I’ve recently done the layout for another of Ian’s titles, the ‘part two’ of ‘Diary of a Witchcraft Shop’ by Liz Williams, and her partner, Trevor Jones. I just had to read parts of it as I was doing the layout – irresistible – and my favourite bits are the recounting of conversations with customers in the shop. A hoot. I loved the first book and can also recommend this one.

In respect of my own work, and reviewing what I have stored in my ‘ideas’ folder on the computer, I had a look at a novel I started some years ago, called ‘Shimbari Dreams’, which is sort of autobiographical in that it concerns a female writer who’s created a fantasy world where the characters have ambivalent sexuality. But primarily, it was my attempt to explore the possibilities – and dark shadows – of the internet. Looking again at the pages I wrote for it, I realise that social media have moved on so much I need to rewrite it quite a bit. I was interested in investigating how virtuality could leak into reality, and also about the more obsessive side of fandom. The ‘new’ fandom that evolves in the story grows beyond the regular fans, and is as much of a mystery and an absurdity to them as to the author. Then things take a sinister turn. I’m thinking at the moment, this might be the novel I return to after I’ve finished the last of the Alba Sulh sequence, but I do have several other stand alone novels started, either with a few chapters done, or just in note form, so I’ll leave it until later to decide which one I’ll actually work on next.

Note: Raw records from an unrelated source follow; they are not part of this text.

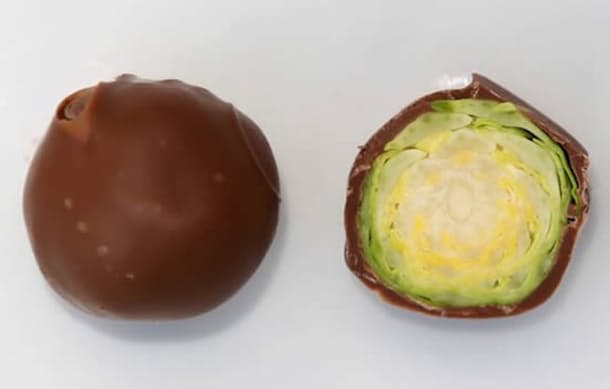 This Halloween Brussels Sprout Prank Idea Has the Internet Freaking Out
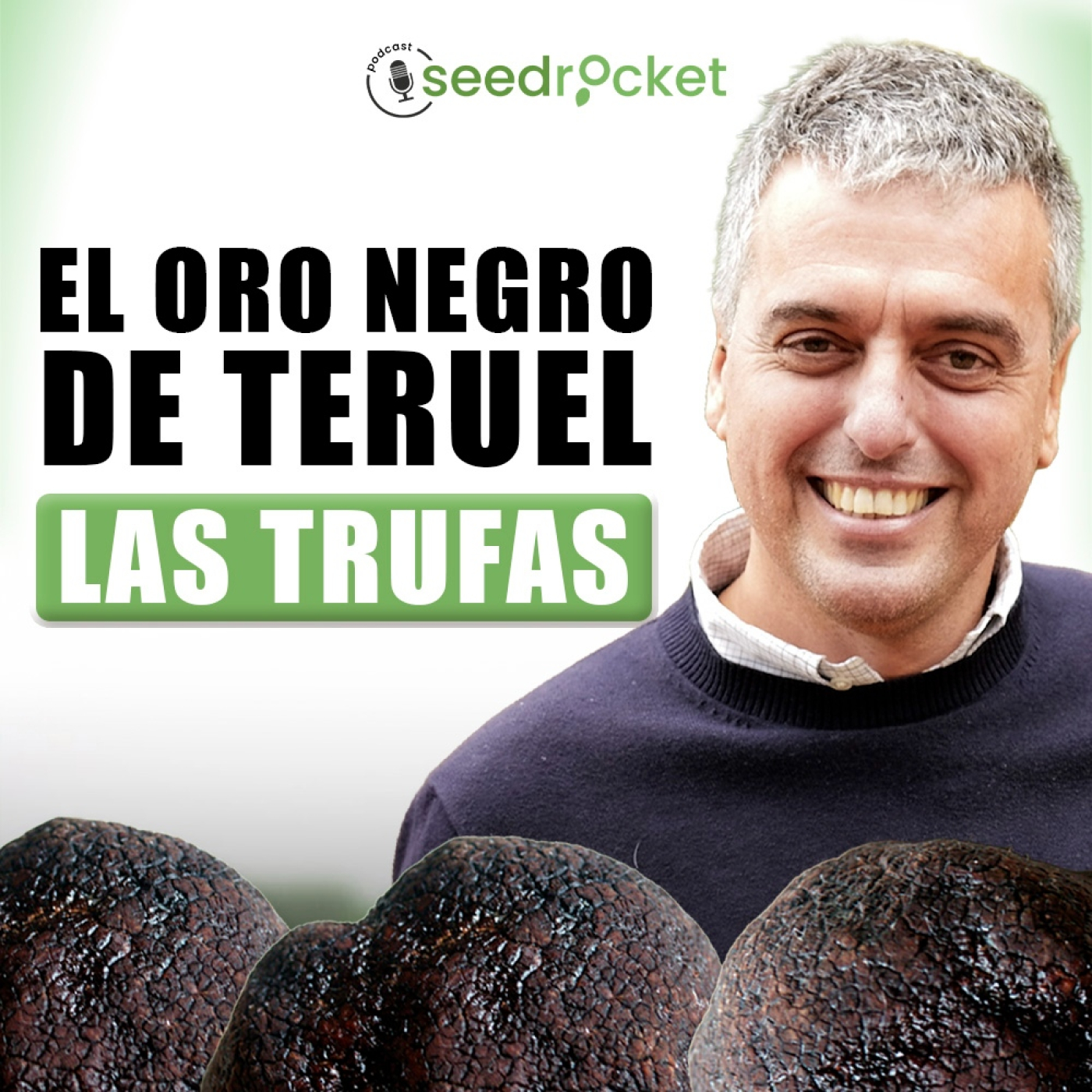 Invertimos en trufas negras: el oro agrícola que puede dar 70.000€ por hectárea | Marc Ferran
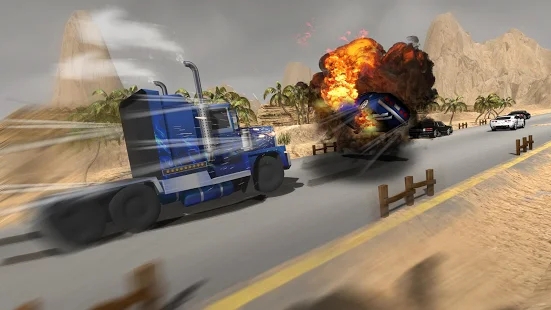 Highway Traffic Racer:Modern Car Game 2020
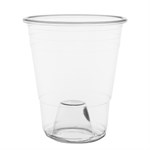 LED 16 oz. Disposable Party Cups - 24 pack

For now I need to finish the agriculture story and also the Alba Sulh novel. There is one part of this novel that I’m sort of reluctant to write, and might not include it ultimately. It’s something I find extremely gruesome and therefore uncomfortable to write about. It’s based on a real event that was reported in the news last year, and when I read about it, it affected me greatly. I need something quite shocking for the core of this novel, wrapped as it is in ghosts, but whether I can stomach actually writing that part remains to be seen. I might yet wuss out!

I’m still mulling over what should be the next Wraeththu anthology theme. I thought it might be nice to bring out a collection annually but I think bi-annually is more realistic.

So, lots going on, and feeling very positive about my work. Could just do with more time, or some kind of device that lets me stretch time. Now, that would be handy!